*Task goal*: Print only the lines running from the line with "At this step" to the final line below, both included, exactly as written and without the pictures.

(Excerpted data Opens)

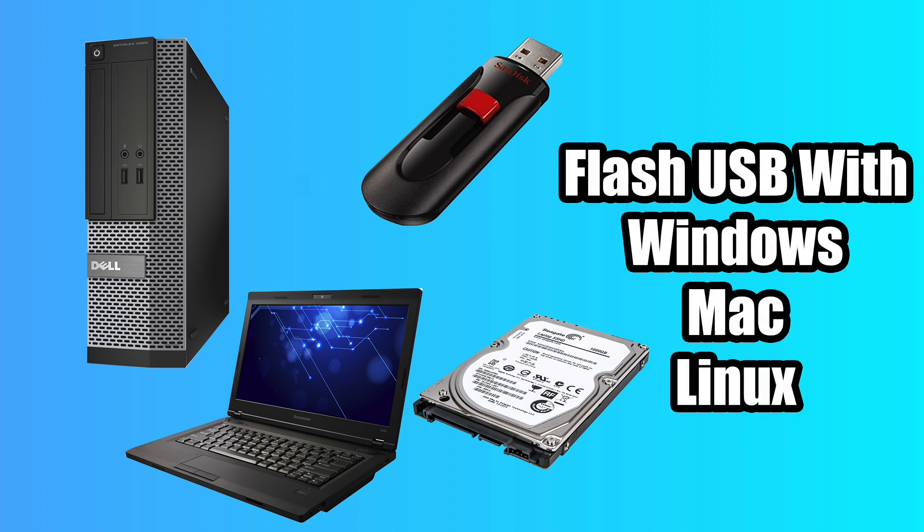And finally, we're going to need another functioning computer to flash the USB drive. This will work with Windows, Mac or Linux. So it's pretty much got you covered any way you go. I'm going to be using a Windows machine to download all of the software and flash it to the USB. With all that out of the way, let's go ahead and get started.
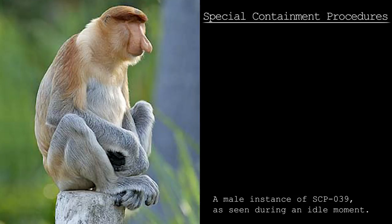Special Containment Procedures: All instances of SCP-039 are to be contained in Site-77's Wilderness Observation Chamber 2B. At least two security personnel are to monitor the interior and exterior of SCP-039's chamber, and are to rotate every six hours.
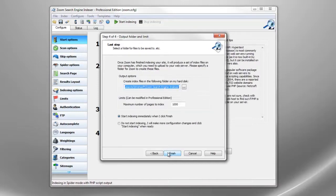At this step we set the output directory. This is a directory on your local machine where the index is created before uploading it to your website.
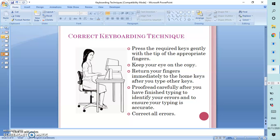The typist should ensure that they press the required keys gently with the tip of the appropriate fingers. Keep your eyes on the copy. Return your fingers immediately to the home keys after you type each key.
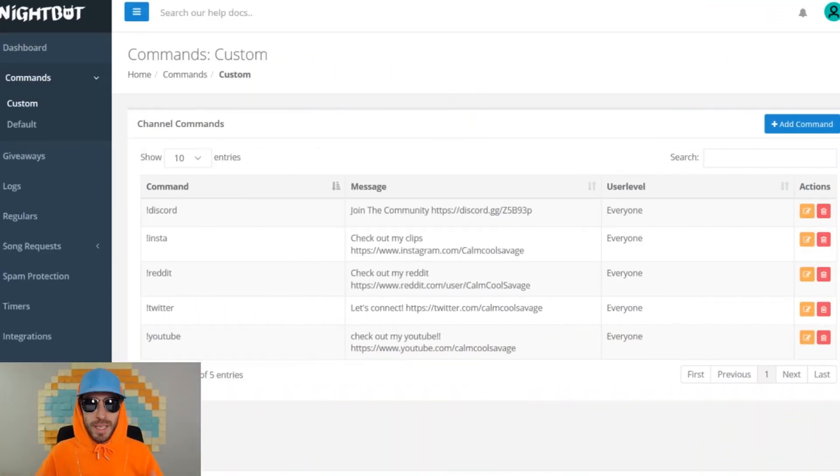So if you're wondering what Nightbot is, basically it's a chatbot for Twitch and YouTube that allows you to automate your live stream's chat with moderation and new features, allowing you to spend more time entertaining your viewers. It's a great way to make your stream more interactive.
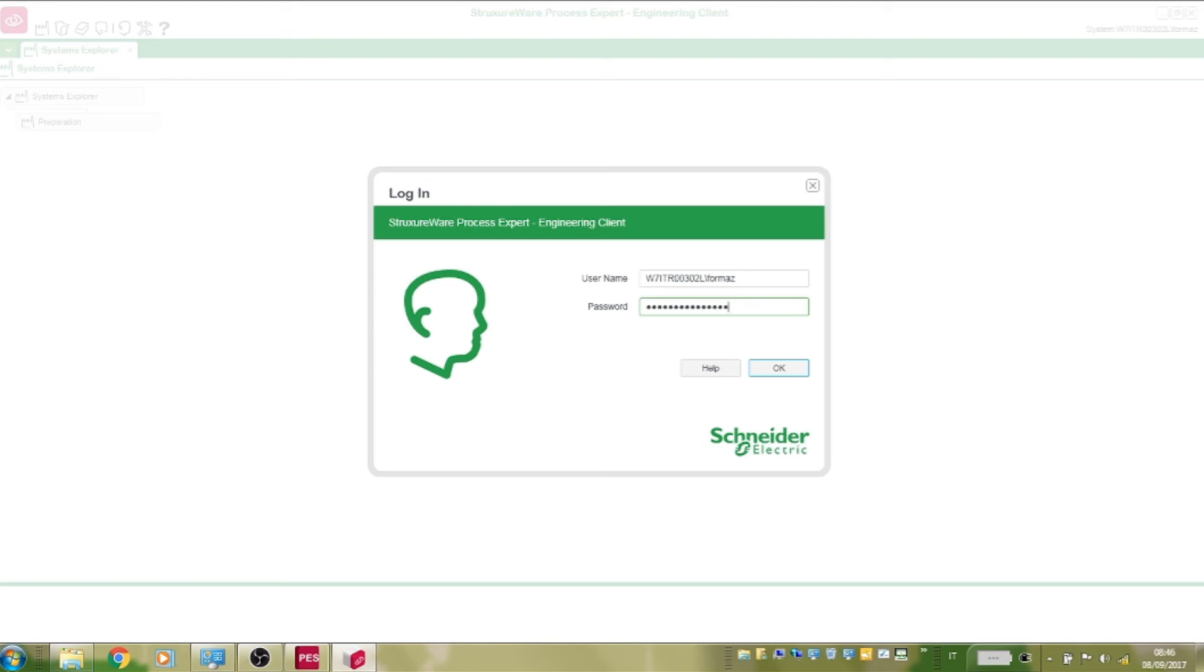This authentication will be performed against either the Active Directory for a complete environment, or the local workgroup if Active Directory is not present.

(Excerpted data Closes)

*Response to the exercise*:
At this step we set the output directory. This is a directory on your local machine where the index is created before uploading it to your website.
The typist should ensure that they press the required keys gently with the tip of the appropriate fingers. Keep your eyes on the copy. Return your fingers immediately to the home keys after you type each key.
So if you're wondering what Nightbot is, basically it's a chatbot for Twitch and YouTube that allows you to automate your live stream's chat with moderation and new features, allowing you to spend more time entertaining your viewers. It's a great way to make your stream more interactive.
This authentication will be performed against either the Active Directory for a complete environment, or the local workgroup if Active Directory is not present.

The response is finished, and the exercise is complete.